→ The data:

>>>>

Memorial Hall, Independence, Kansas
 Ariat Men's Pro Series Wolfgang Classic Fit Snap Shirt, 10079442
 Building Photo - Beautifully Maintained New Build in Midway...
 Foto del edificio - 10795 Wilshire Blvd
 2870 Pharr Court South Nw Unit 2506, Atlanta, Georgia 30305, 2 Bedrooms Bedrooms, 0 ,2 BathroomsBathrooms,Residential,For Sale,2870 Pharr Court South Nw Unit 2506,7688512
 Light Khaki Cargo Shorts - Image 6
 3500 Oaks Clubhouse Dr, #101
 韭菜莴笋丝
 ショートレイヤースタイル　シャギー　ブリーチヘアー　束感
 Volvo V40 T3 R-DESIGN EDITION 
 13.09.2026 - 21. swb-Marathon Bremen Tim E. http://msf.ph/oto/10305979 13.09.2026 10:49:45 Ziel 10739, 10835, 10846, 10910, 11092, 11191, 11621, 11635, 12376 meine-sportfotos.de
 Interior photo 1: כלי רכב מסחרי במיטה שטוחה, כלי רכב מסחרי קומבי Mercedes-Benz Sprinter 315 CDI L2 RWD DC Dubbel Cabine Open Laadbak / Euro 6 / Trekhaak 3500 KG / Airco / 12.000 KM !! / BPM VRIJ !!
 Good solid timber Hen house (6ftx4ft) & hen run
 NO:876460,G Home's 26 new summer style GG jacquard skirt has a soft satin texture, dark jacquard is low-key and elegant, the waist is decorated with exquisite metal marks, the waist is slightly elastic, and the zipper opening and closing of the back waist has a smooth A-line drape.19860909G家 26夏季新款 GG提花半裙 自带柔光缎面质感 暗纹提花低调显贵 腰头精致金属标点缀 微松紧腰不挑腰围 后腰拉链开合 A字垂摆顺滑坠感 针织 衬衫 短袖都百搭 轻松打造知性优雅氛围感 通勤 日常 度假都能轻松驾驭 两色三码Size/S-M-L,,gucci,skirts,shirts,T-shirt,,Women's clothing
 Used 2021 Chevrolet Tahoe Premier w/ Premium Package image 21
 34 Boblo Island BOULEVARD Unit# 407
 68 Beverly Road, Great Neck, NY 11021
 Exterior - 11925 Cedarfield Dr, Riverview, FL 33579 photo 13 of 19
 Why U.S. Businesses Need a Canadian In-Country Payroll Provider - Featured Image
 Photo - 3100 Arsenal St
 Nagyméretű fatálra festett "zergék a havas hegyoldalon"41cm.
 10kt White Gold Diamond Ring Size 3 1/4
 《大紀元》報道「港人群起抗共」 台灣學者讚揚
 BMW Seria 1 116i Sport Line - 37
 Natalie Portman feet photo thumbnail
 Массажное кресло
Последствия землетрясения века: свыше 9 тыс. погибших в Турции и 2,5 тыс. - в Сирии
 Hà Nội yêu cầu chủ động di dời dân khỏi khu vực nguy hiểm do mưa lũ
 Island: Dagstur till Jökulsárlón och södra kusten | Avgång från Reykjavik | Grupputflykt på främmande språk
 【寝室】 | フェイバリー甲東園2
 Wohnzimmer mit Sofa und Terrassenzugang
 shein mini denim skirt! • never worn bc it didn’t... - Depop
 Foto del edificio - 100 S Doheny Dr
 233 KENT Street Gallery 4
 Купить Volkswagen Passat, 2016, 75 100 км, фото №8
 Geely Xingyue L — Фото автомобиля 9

<<<<

→ Problem to solve:
Reproduce exactly the first line of the listing and every line after it, through the one containing "Foto del edificio - 10795 Wilshire Blvd". Nothing else belongs in the output.

→ Answer to the exercise:
Memorial Hall, Independence, Kansas
 Ariat Men's Pro Series Wolfgang Classic Fit Snap Shirt, 10079442
 Building Photo - Beautifully Maintained New Build in Midway...
 Foto del edificio - 10795 Wilshire Blvd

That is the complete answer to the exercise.